# Negril.com Message Board Forums > Living in Jamaica >  Documentary on life in JA to be released on DVD & ITunes

## isthatuitsme

Hi all

found this news item and thought it might be interesting....link below with description of the documentary from news website

"The documentary "MAN FREE" directed by Kinsey Beck and produced by David Garonzik will be out and available on DVD and i-Ttunes this month. "MAN FREE", which takes a look into the lives of everyday Jamaicans as they fight politics, crime, drugs and more, is told through the people themselves. 
The film, which was shot mostly between 2003 and 2004, sheds light on real life in Jamaica, which is not all reggae and good times but a land full of conflict and struggle and a yearning for a better life. 
But through all the hardships, you come to realize Jamaicans are truly people of grace. 
"MAN FREE" is narrated by the late film director Perry Henzell and also includes the last documentary footage of him before he passed."

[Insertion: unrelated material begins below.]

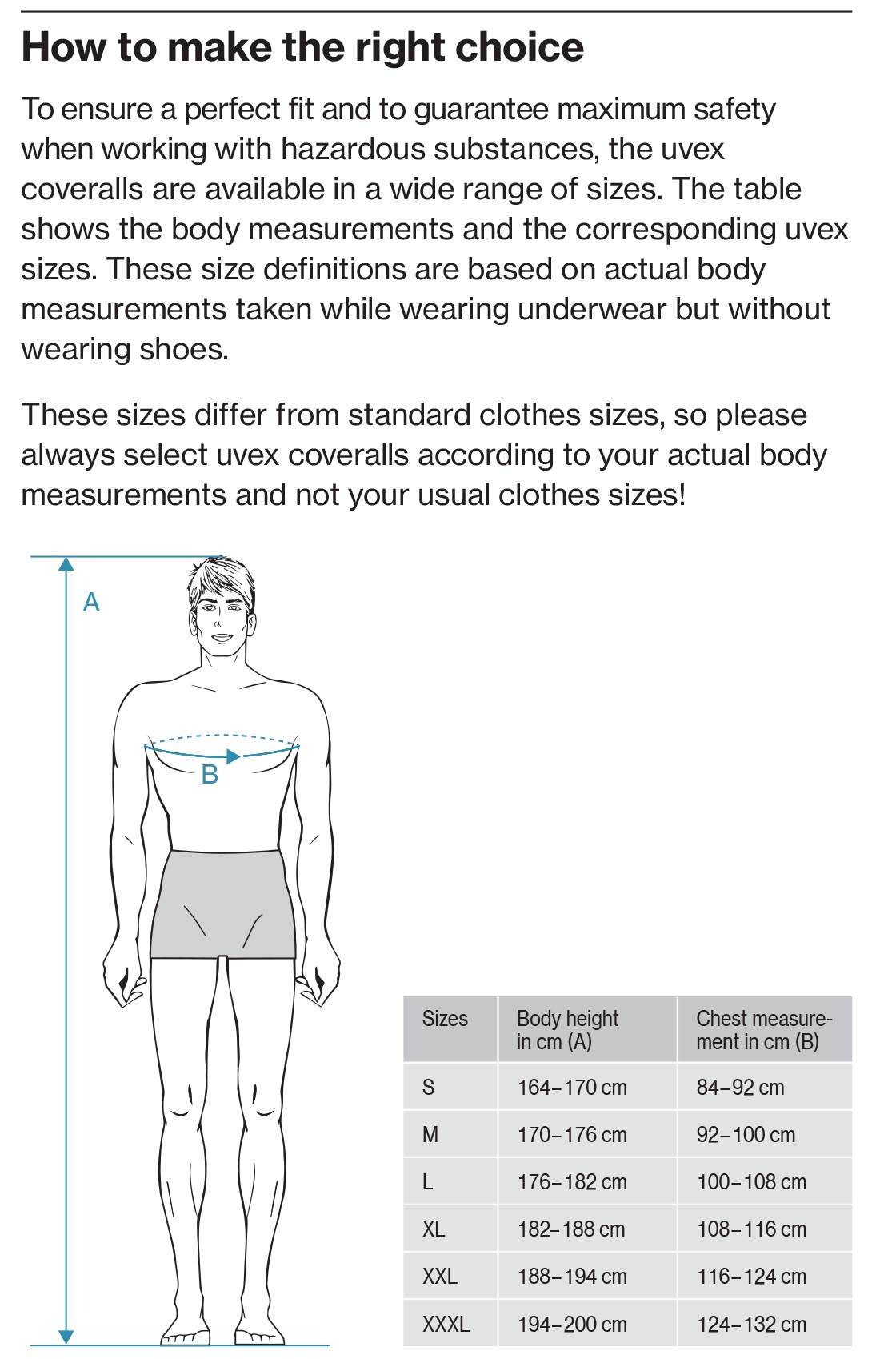 Selecting the Right Disposable Coverall – Quipco BW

http://rjrnewsonline.com/entertainme...e-released-dvd

T

----------


## jasperpso

this link includes a trailer..

http://jahkno.com/2011/09/29/man-fre...ember-release/

says it will be out on dvd in november

----------


## HedoScott

I bought the BlueRay. It is a great movie! Very well done. Much of it filmed in Negril and Sav.

----------


## sbeth

Can you purchase this on itunes? I saw something on one of those links for it that suggested it might be but when I searched itunes I couldn't find it. Perhaps I have the wrong keyword?

----------